TASK TO COMPLETE -> Exactly as written, output each of the lines below, with no images.
----------
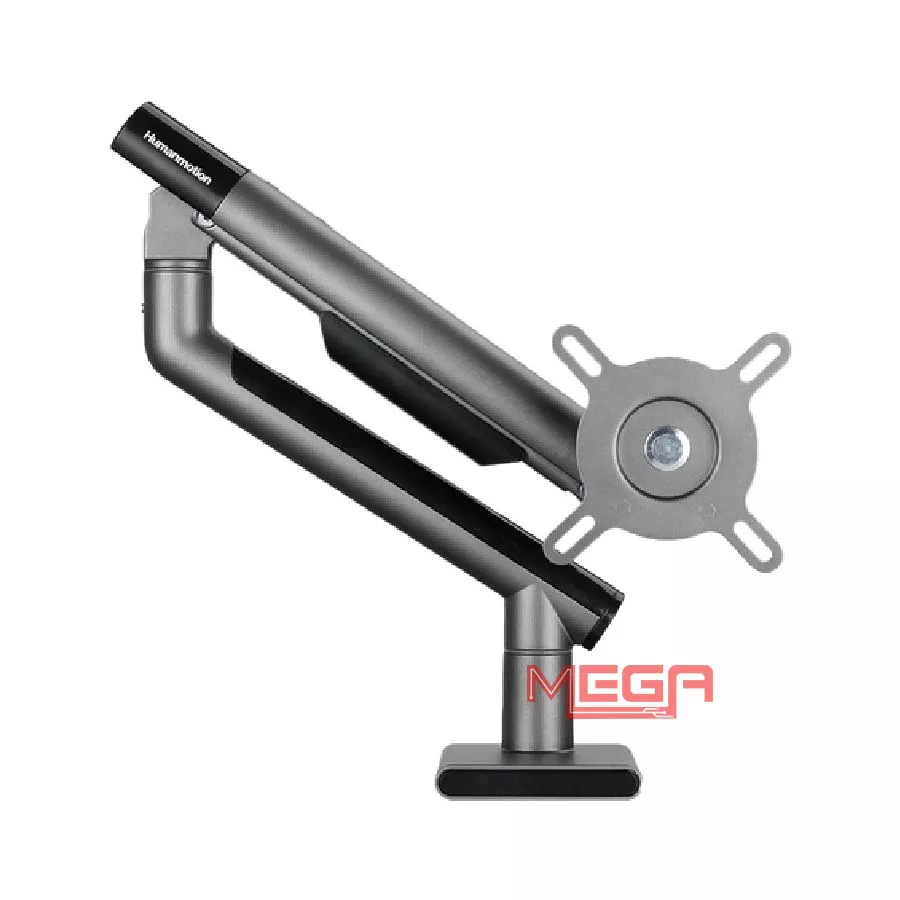 Giá treo màn hình Human Motion T7 Đen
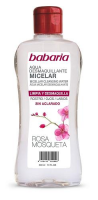BABARIA Rosa Mosqueta płyn micelarny 400ml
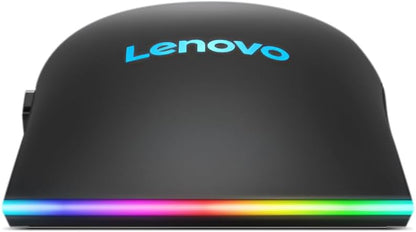 Lenovo M210 RGB Wired Gaming Mouse 8000 DPI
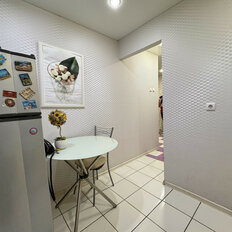 Квартира 60 м², 3-комнатная - изображение 2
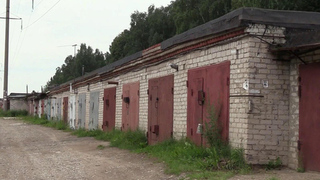 Госдума приняла в окончательном чтении закон о продлении «гаражной амнистии»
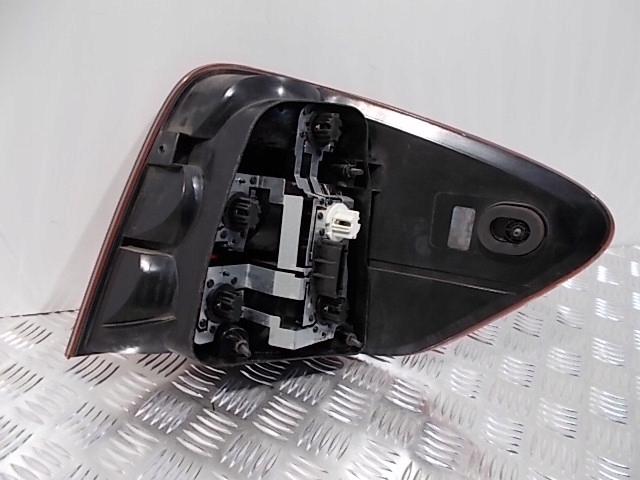 фото №10, Фара mercedes ml ii w 164 05-11 a1648203964 оригинал тёмное европа красивая
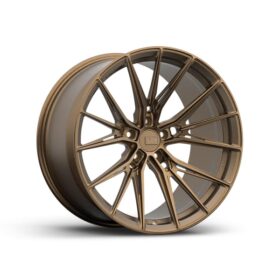 Variant Wheels RIAN - Forged Mono Block Wheel - Image 2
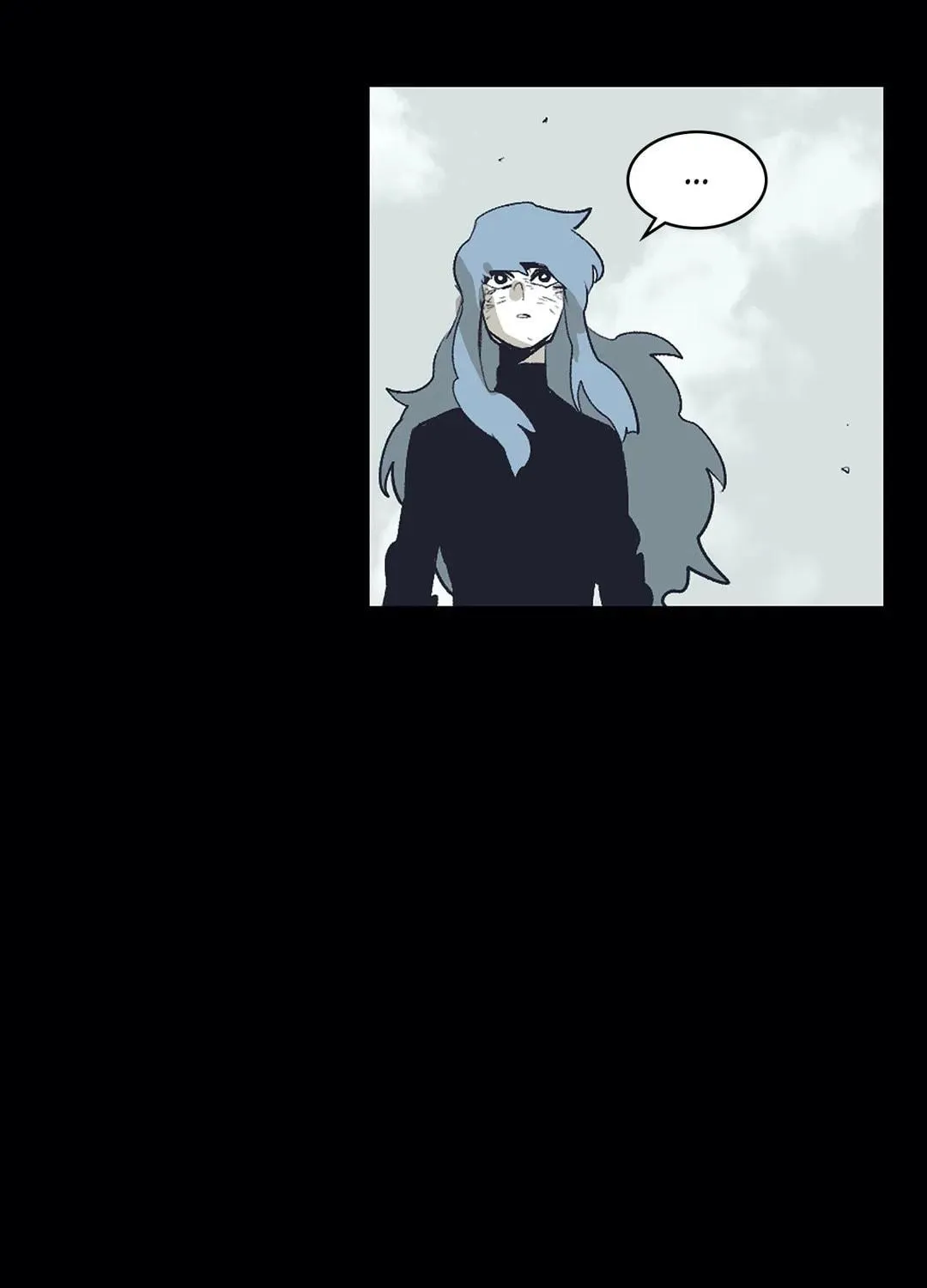 Gilgamesh Chapter 170 page 41 - 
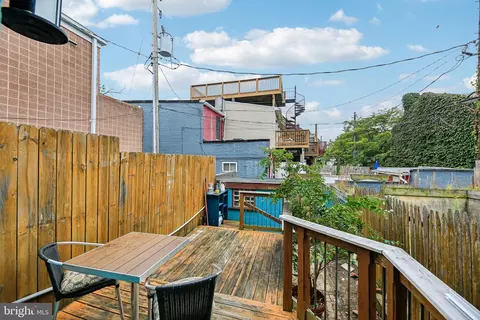 Exterior - 2341 Eastern Ave, Baltimore, MD 21224 photo 2 of 5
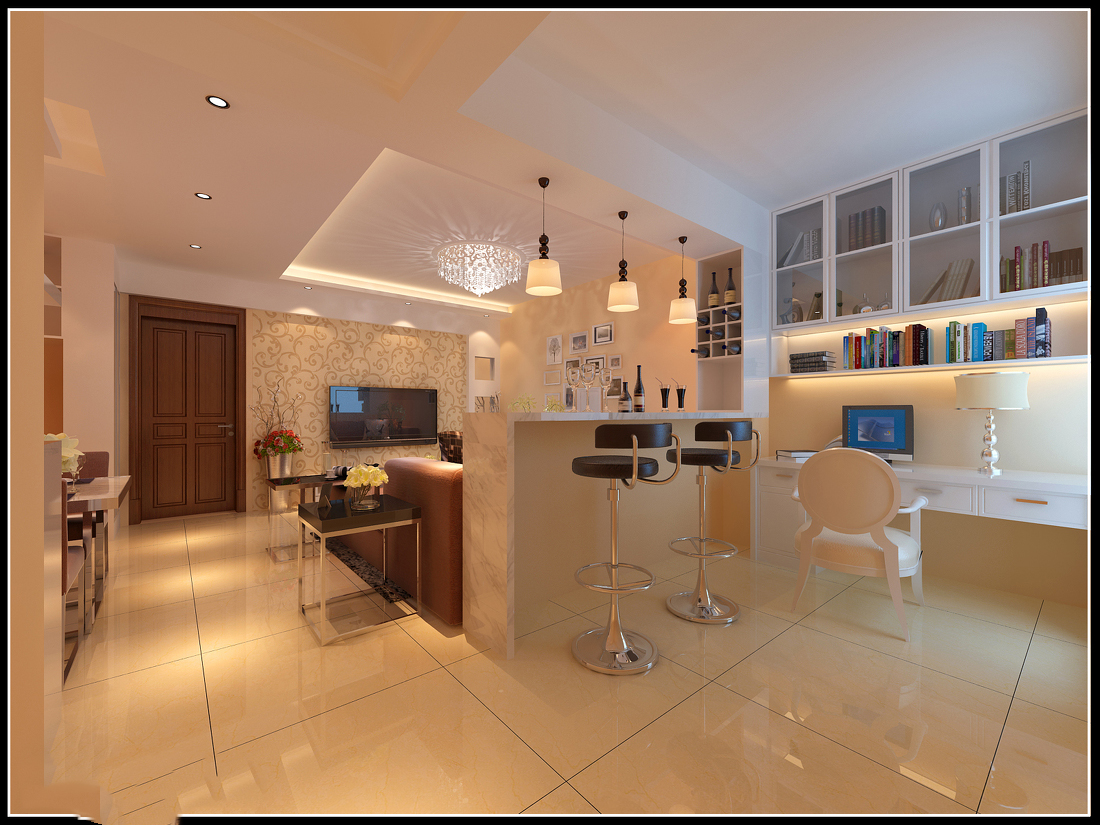 中端家装装修风格,家装设计交流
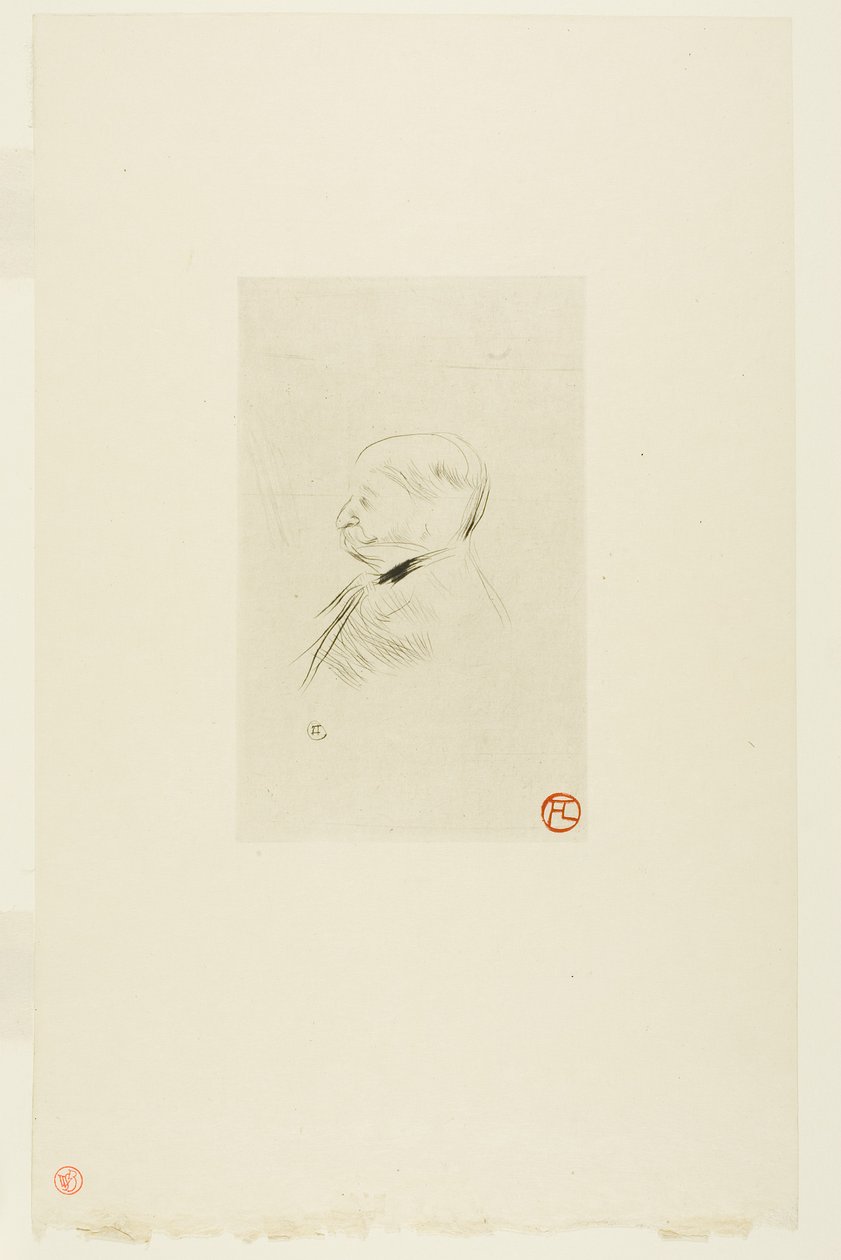 Portrait d
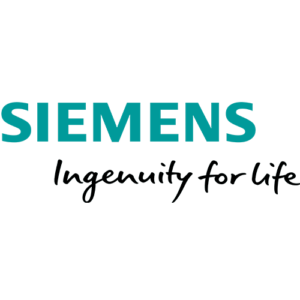 Siemens-Emblem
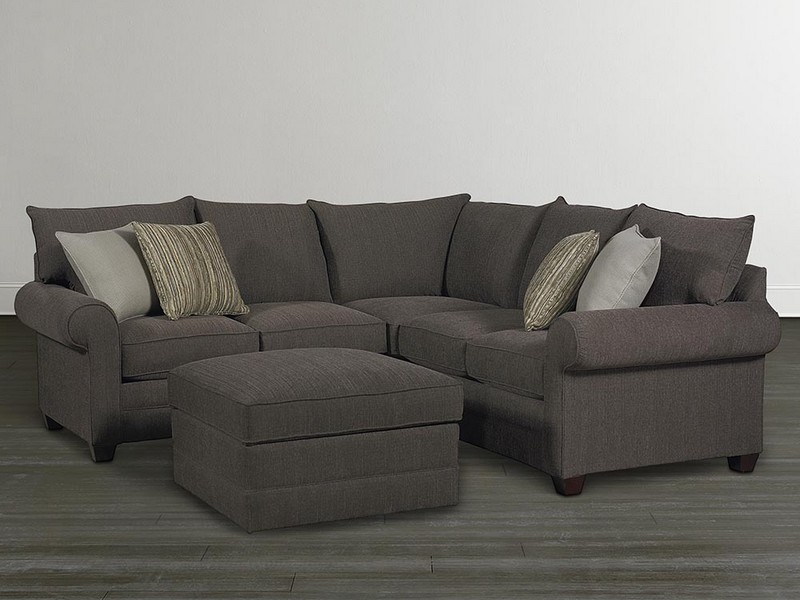 L Shaped Sleeper Sofa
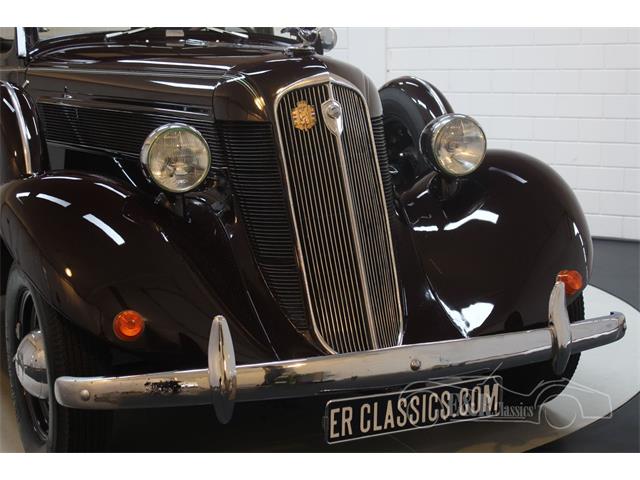 1935 Studebaker Dictator (CC-1253358) for sale in Waalwijk, Noord-Brabant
----------
TASK RESPONSE ->
 Giá treo màn hình Human Motion T7 Đen
BABARIA Rosa Mosqueta płyn micelarny 400ml
 Lenovo M210 RGB Wired Gaming Mouse 8000 DPI
 Квартира 60 м², 3-комнатная - изображение 2
 Госдума приняла в окончательном чтении закон о продлении «гаражной амнистии»
 фото №10, Фара mercedes ml ii w 164 05-11 a1648203964 оригинал тёмное европа красивая
 Variant Wheels RIAN - Forged Mono Block Wheel - Image 2
 Gilgamesh Chapter 170 page 41 - 
 Exterior - 2341 Eastern Ave, Baltimore, MD 21224 photo 2 of 5
 中端家装装修风格,家装设计交流
 Portrait d
 Siemens-Emblem
 L Shaped Sleeper Sofa
 1935 Studebaker Dictator (CC-1253358) for sale in Waalwijk, Noord-Brabant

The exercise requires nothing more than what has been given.